Exercise requirements. Output all of the data exactly, keeping any images out of the copy.

[Image-caption web data]
== == ==

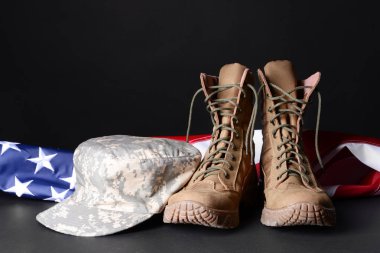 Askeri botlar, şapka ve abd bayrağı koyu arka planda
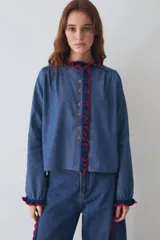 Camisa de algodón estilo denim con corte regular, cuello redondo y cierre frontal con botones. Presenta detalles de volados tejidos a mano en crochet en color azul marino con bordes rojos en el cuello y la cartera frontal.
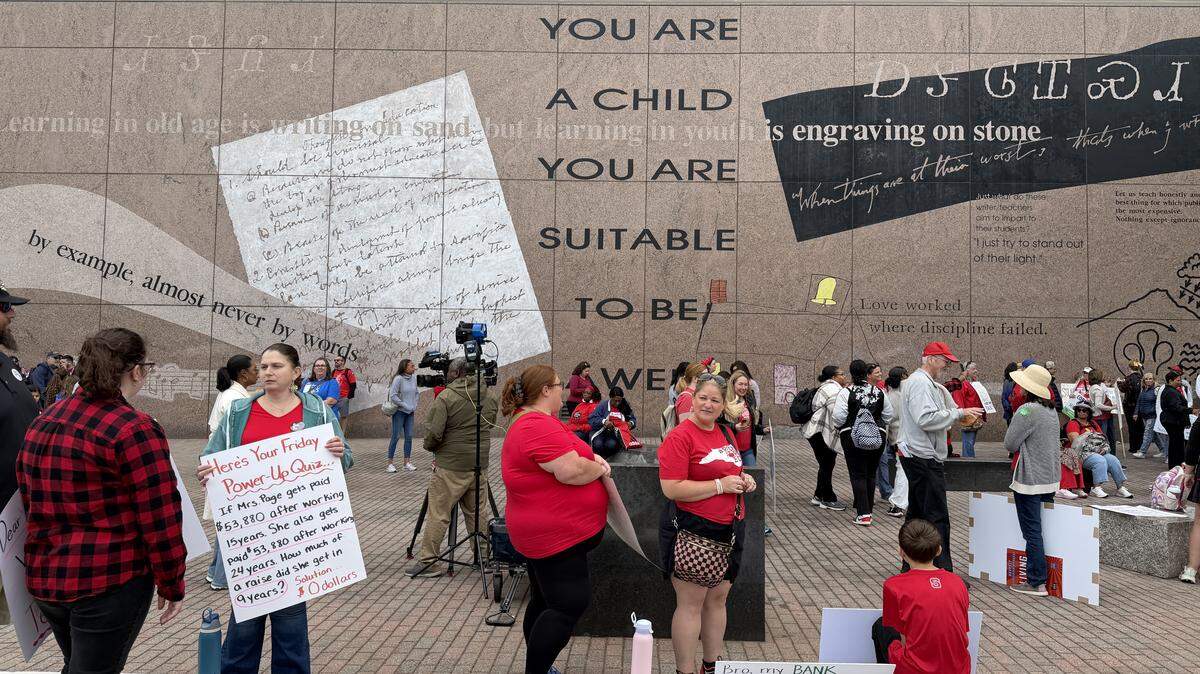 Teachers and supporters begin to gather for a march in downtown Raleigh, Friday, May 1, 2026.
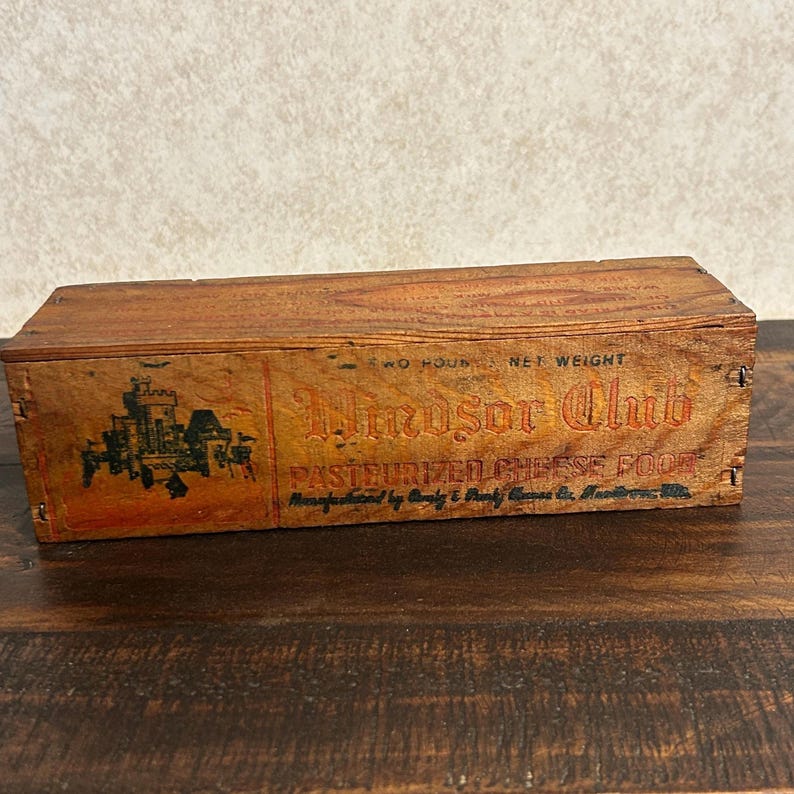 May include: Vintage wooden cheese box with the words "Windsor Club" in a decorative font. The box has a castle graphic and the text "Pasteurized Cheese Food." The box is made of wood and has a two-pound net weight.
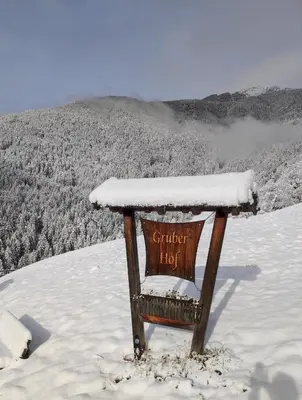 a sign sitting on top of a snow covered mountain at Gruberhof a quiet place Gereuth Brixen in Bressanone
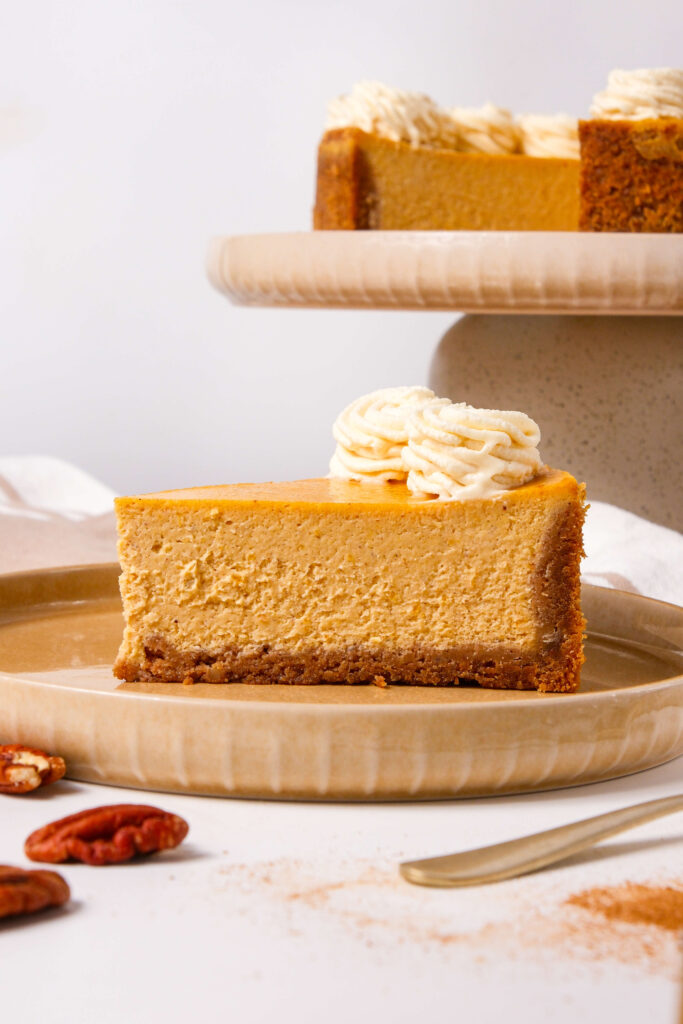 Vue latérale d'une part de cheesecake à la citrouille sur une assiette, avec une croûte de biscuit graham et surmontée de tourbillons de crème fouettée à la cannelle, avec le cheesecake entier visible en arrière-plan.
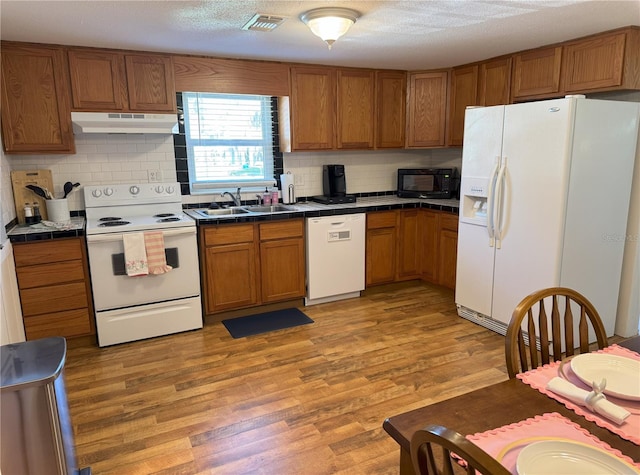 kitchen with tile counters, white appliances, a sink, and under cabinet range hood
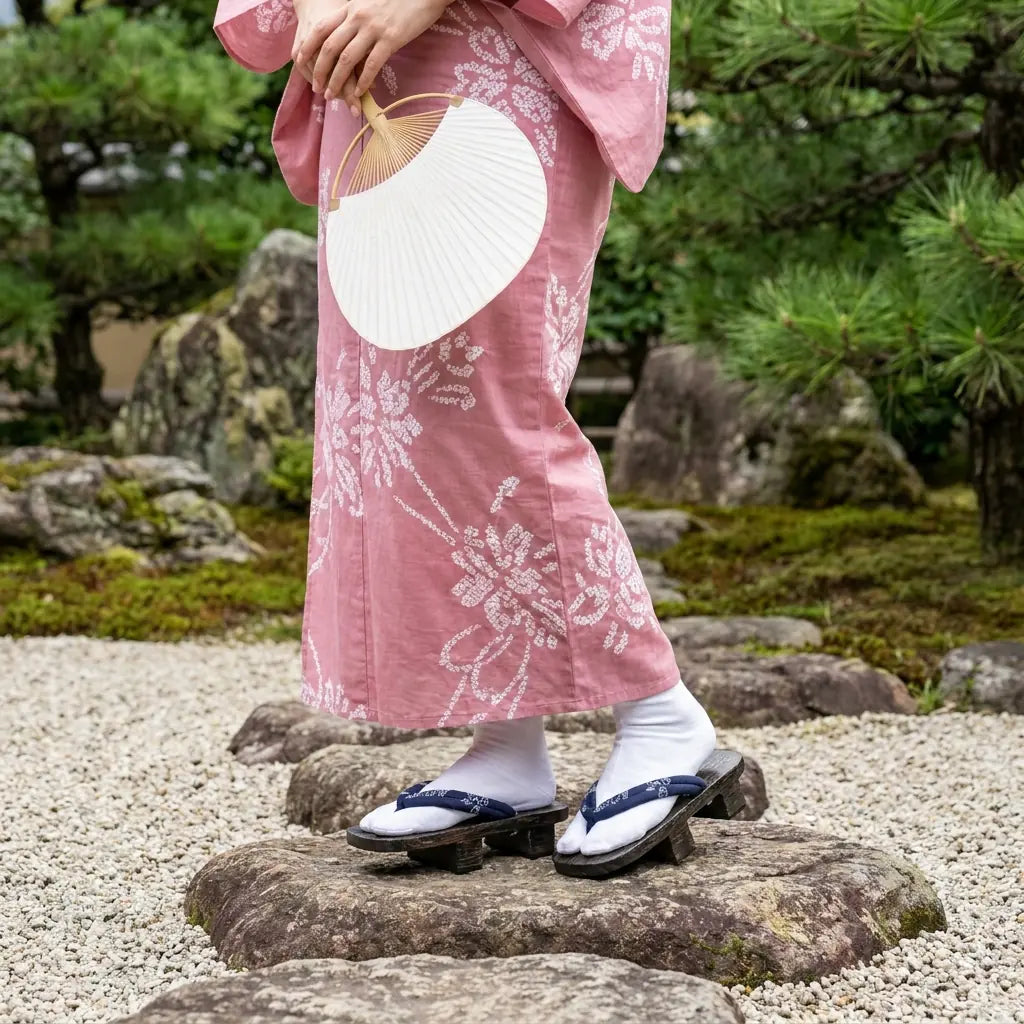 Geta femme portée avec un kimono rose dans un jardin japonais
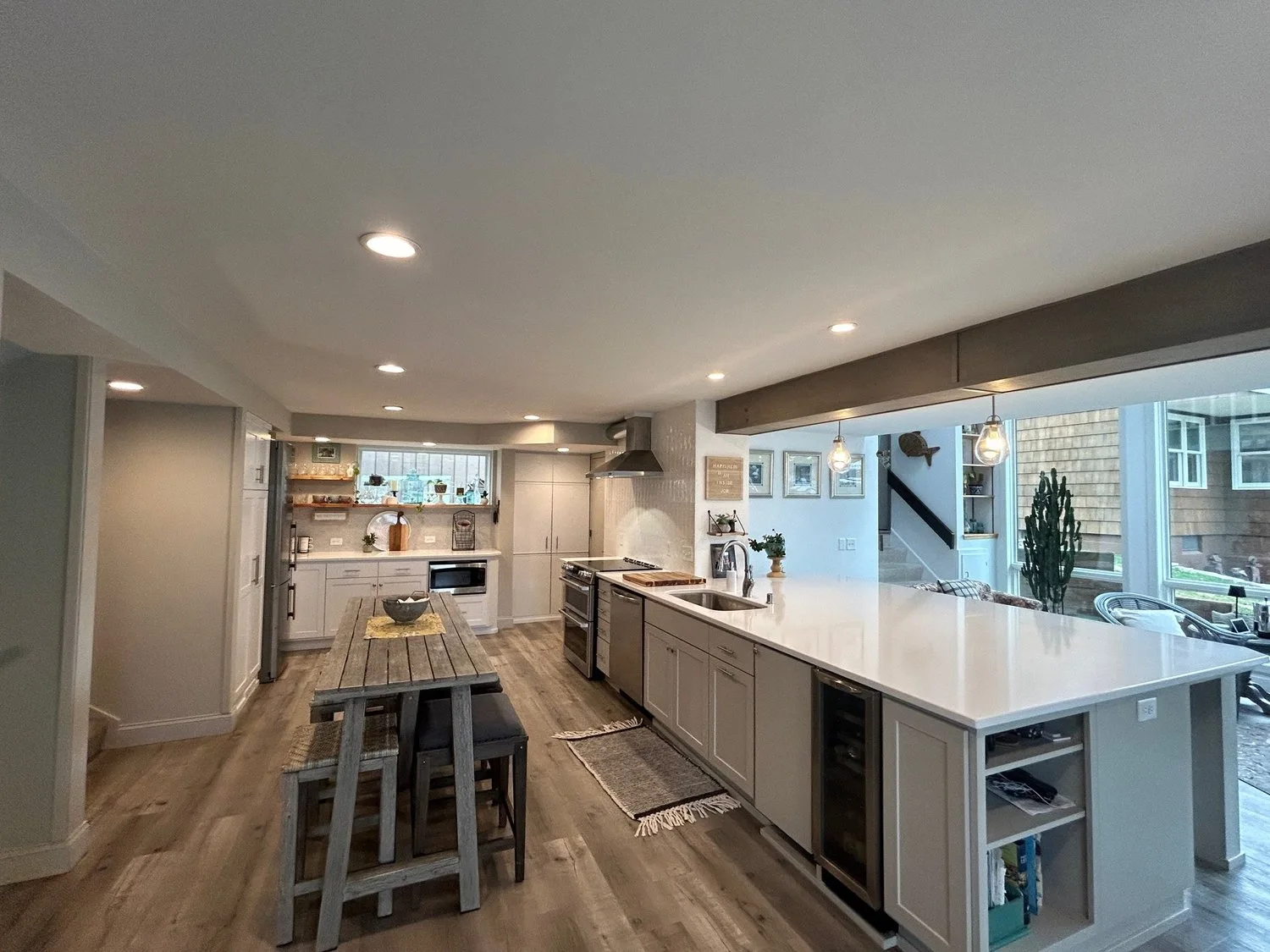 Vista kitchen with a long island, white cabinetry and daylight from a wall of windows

== == ==

Exercise result.
 Askeri botlar, şapka ve abd bayrağı koyu arka planda
 Camisa de algodón estilo denim con corte regular, cuello redondo y cierre frontal con botones. Presenta detalles de volados tejidos a mano en crochet en color azul marino con bordes rojos en el cuello y la cartera frontal.
 Teachers and supporters begin to gather for a march in downtown Raleigh, Friday, May 1, 2026.
 May include: Vintage wooden cheese box with the words "Windsor Club" in a decorative font. The box has a castle graphic and the text "Pasteurized Cheese Food." The box is made of wood and has a two-pound net weight.
 a sign sitting on top of a snow covered mountain at Gruberhof a quiet place Gereuth Brixen in Bressanone
 Vue latérale d'une part de cheesecake à la citrouille sur une assiette, avec une croûte de biscuit graham et surmontée de tourbillons de crème fouettée à la cannelle, avec le cheesecake entier visible en arrière-plan.
 kitchen with tile counters, white appliances, a sink, and under cabinet range hood
 Geta femme portée avec un kimono rose dans un jardin japonais
 Vista kitchen with a long island, white cabinetry and daylight from a wall of windows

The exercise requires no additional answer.